EARTHQUAKE! Brooklyn trembles in wake of 15-second seismic shift
Photo by Bess Adler

Yes, that was an earthquake.

A 15-second-long tremor rocked Brooklyn at about 1:50 pm on Tuesday, sending shockwaves from Sunset Park to Downtown, where sleepy skyscraper-confined workers were jolted into the streets.

Columbia University seismologists measured the quake as a 5.9 originating in central Virginia.

“We felt that whole shockwave from there,” said seismologist Mitchell Gold.

Indeed, the quake rattled the nation’s capital and the East Coast from North Carolina to New England. But it caused only minor damage to buildings — including a collapsed chimney atop a 14-story building in the Red Hook Houses. A Housing Authority spokeswoman said that there were no injuries.

Cellphone and land-line service was briefly overwhelmed as residents rushed to talk to friends and relatives and find out what happened.

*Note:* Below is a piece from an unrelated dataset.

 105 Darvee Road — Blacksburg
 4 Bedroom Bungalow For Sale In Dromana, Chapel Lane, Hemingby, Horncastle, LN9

“I called my husband right away,” said Rocio Alvarado, who works at a Montague Street chiropractor’s office. “He was in Forest Hills [a neighborhood in Queens, a distant borough] and saw people running out of buildings. We knew right away what it was.”

Jack Sandoval, 20, braces for an aftershock outside of Polytechnic University on Jay Street seconds after the earthquake hit on Tuesday.
Community Newspaper Group / Dan MacLeod

This being 2011, most of the immediate reaction came in on Twitter.

“The Department of Education building just shook, and everyone is evacuating,” tweeted MsLoveBomb.

“OMG, we just had an earthquake,” tweeted John Woody (aka iAmFASHION4ward). “The whole Downtown Brooklyn just started rocking.”

Inside the Community Newspaper Group Building at Metrotech Center at Jay Street and Myrtle Avenue, columnist Joanna DelBuono jumped out of her desk and calmly stated, “I think that was an earthquake, and I’m outta here.”

She promptly left the building — against the wishes of her concerned co-workers. Downstairs, students and faculty from NYU-Polytechnic University gathered in the commons.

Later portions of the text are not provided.